Aetas Aurea (The Golden Age)

1884-85
Wax on plaster, 42 x 40 x 24 cm
Palace of the Legion of Honor, San Francisco

An Italian sculptor who came to Paris to work in 1884 and settled there in 1889, frequenting Rodin and Carrière, Medardo Rosso was a most unusual artist. He was unusual in his taste for wax, in his choice of subjects and in his treatment of surfaces. He is the only sculptor to be connected with Impressionism as his work conveys the notion of something glimpsed indistinctly.

This strange piece is thought to represent the artist's wife embracing their young son. The technical execution is typical of Rosso's work: he poured liquid wax into the hollow of a plaster mould, doubtless created from a clay original. The wax shell thus formed was reinforced with plaster and a metal stem added so that it could be hung vertically, as Rosso intended it to be viewed. The marks of workmanship such as seams and drips are deliberately left visible, which was a highly innovative approach for the period.

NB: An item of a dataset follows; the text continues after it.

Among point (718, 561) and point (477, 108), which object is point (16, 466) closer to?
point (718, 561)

The splendid wax sculpture Aetas Aurea is one of the three versions that Medardo Rosso dedicated to the double portrait of his wife Giuditta Pozzi with their son Francesco. In this work, he explored the theme of the mother kissing her baby, but instead of creating a sculpture in the round, he chose to model only the front surface, neglecting the back and concentrating on the effects of light on the surfaces. The two faces are depicted as blending into one another, accentuating the intensity of the relationship between mother and son.